▸ **EXERCISE REQUIREMENTS**
Give back exactly the stretch of data below from the line holding "In the Confirm" through the line holding "Hello everyone, this", both ends included, and leave the remaining lines out.

▸ **RAW DATA**

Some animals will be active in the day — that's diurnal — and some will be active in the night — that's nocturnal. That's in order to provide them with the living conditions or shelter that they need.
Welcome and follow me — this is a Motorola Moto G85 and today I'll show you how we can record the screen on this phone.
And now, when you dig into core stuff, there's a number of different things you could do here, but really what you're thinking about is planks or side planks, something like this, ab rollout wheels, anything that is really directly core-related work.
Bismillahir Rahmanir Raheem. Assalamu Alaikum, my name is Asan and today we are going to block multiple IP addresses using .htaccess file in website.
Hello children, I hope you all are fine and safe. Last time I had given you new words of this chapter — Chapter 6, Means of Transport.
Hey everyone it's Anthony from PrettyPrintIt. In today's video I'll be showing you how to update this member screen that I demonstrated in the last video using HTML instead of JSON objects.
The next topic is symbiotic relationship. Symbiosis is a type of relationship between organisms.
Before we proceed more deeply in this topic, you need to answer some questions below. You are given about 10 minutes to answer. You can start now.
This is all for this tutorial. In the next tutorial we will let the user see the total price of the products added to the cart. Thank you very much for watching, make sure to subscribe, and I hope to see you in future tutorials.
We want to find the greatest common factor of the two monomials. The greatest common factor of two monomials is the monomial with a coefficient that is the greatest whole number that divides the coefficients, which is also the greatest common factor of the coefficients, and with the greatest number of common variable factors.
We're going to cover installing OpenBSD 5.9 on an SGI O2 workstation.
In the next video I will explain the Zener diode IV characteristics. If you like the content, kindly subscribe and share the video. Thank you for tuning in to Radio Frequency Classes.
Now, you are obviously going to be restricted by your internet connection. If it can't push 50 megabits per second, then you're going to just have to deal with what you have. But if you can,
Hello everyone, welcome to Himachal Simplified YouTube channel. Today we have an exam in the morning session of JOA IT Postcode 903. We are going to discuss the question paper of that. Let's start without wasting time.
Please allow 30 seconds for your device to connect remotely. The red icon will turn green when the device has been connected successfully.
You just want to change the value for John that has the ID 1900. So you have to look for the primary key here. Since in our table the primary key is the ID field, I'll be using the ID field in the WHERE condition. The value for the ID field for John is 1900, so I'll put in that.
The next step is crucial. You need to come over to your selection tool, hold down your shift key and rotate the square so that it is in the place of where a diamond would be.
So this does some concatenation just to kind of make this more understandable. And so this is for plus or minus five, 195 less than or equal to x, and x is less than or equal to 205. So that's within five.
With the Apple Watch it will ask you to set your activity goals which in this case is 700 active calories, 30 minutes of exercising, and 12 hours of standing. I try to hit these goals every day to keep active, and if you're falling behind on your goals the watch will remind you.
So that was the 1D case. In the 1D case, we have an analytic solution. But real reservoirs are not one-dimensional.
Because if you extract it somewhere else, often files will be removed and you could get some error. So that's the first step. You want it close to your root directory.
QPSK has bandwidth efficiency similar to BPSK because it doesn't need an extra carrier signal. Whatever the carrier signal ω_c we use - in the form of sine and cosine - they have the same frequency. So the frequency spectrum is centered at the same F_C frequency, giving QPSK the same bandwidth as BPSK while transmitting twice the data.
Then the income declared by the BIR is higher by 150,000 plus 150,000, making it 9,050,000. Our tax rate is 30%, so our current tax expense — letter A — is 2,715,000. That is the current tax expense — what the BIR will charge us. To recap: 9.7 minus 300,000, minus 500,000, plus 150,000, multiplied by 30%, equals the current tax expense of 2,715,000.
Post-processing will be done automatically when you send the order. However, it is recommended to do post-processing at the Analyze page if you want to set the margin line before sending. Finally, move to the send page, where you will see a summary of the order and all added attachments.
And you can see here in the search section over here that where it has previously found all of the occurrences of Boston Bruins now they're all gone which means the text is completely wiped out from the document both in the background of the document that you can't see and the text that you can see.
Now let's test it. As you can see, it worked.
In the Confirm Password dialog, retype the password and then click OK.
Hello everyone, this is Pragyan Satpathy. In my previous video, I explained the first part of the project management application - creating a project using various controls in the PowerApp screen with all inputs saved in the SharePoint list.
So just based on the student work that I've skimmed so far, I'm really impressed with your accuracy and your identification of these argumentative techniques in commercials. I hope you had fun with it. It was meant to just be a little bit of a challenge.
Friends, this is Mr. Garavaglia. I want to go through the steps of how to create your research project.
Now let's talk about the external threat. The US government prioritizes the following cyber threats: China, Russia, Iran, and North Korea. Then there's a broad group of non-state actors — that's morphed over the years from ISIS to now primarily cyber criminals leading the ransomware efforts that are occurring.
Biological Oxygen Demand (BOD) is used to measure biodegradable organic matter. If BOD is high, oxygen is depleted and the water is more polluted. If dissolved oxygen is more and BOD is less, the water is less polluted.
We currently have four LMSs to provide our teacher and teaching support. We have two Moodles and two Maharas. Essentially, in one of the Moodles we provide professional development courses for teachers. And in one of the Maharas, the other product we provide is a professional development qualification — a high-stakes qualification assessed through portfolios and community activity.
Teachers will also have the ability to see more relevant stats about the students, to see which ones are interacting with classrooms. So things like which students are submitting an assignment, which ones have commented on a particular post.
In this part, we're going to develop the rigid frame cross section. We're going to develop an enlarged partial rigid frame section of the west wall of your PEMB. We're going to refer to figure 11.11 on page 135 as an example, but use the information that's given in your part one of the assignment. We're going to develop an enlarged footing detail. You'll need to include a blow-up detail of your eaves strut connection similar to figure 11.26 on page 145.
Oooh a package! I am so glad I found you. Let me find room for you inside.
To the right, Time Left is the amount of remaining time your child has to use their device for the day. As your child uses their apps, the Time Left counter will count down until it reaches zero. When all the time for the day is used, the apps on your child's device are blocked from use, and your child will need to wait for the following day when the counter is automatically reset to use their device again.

▸ **COMPLETED EXERCISE**
In the Confirm Password dialog, retype the password and then click OK.
Hello everyone, this is Pragyan Satpathy. In my previous video, I explained the first part of the project management application - creating a project using various controls in the PowerApp screen with all inputs saved in the SharePoint list.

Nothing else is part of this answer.